At the time of publication, this vulnerability affected Cisco IOS XR Software release prior to 6.4.3, 6.6.3, 7.0.2 and 7.1.1, respectively, that have the IPsec process ipsec_mp or ipsec_pp running. Both IPsec processes are running in Cisco IOS XR Software by default.
See the Details section in the bug ID(s) at the top of this advisory for the most complete and current information.

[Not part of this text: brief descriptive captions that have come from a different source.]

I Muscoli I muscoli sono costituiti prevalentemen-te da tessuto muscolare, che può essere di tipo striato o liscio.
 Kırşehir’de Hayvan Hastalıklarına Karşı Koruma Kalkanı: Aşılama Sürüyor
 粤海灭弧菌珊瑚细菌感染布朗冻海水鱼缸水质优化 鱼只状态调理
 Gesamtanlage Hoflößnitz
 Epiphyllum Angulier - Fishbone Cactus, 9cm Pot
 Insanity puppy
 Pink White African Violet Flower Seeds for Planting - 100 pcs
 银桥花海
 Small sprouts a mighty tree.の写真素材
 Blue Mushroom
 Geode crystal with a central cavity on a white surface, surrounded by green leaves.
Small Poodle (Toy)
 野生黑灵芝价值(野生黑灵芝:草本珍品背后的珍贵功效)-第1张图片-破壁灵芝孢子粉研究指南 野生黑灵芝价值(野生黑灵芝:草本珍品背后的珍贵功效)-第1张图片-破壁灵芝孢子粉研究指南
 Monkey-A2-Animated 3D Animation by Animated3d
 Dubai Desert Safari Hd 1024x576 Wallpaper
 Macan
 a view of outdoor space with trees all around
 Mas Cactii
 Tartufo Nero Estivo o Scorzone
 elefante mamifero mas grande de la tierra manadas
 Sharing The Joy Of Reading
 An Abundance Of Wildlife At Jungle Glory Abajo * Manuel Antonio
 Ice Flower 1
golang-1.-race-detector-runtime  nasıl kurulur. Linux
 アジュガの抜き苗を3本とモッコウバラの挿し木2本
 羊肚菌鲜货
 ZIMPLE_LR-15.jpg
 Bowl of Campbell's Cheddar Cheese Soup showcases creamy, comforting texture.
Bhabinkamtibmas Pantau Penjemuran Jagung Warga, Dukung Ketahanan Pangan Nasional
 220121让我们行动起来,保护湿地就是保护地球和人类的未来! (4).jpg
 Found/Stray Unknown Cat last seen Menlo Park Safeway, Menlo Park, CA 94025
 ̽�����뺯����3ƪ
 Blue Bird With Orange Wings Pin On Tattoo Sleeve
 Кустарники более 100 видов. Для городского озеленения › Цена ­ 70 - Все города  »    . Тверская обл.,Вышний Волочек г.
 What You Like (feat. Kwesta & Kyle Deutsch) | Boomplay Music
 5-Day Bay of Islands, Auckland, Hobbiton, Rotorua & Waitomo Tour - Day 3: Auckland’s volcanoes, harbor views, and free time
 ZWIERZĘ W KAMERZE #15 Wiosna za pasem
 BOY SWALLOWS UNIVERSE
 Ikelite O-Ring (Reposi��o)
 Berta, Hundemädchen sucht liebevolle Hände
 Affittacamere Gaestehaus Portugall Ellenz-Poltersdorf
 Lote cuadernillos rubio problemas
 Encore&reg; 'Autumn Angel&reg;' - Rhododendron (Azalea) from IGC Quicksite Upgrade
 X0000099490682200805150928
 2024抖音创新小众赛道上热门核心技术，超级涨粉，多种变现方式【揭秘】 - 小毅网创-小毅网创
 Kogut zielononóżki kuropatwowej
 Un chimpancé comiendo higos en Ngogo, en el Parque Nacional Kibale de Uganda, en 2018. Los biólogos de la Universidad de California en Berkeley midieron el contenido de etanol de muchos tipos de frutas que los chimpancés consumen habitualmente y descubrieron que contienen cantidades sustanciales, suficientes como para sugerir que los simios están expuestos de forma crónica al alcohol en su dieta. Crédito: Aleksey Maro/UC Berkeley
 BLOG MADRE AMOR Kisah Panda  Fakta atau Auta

Determine the Status of the IPsec Processes
Administrators can determine whether IPsec processes are running on a device by using the show processes | include ipsec command in the device CLI. The following example shows the output of this command on a device on which both IPsec processes are running:
RP/0/RP0/CPU0:ios#show processes | include ipsec
Thu Feb 27 13:42:05.618 UTC
222 5460 0K 20 Sleeping ipsec_mp 0
222 6055 0K 20 Sleeping ipsec_mp 0
222 6247 0K 20 Sleeping ipsec_mp 0
222 6258 0K 20 Sleeping ipsec_mp 0
222 6502 0K 20 Sleeping ipsec_mp 0
312 5461 0K 20 Sleeping ipsec_pp 0
312 6044 0K 20 Sleeping ipsec_pp 0
312 6220 0K 20 Sleeping ipsec_pp 0
312 6375 0K 20 Sleeping ipsec_pp 0
312 6824 0K 20 Sleeping ipsec_pp 0
If the command does not return any output, the IPsec processes are not running and the device is not vulnerable.
Only products listed in the Vulnerable Products section of this advisory are known to be affected by this vulnerability.
Cisco has confirmed that this vulnerability does not affect Cisco IOS or IOS XE Software.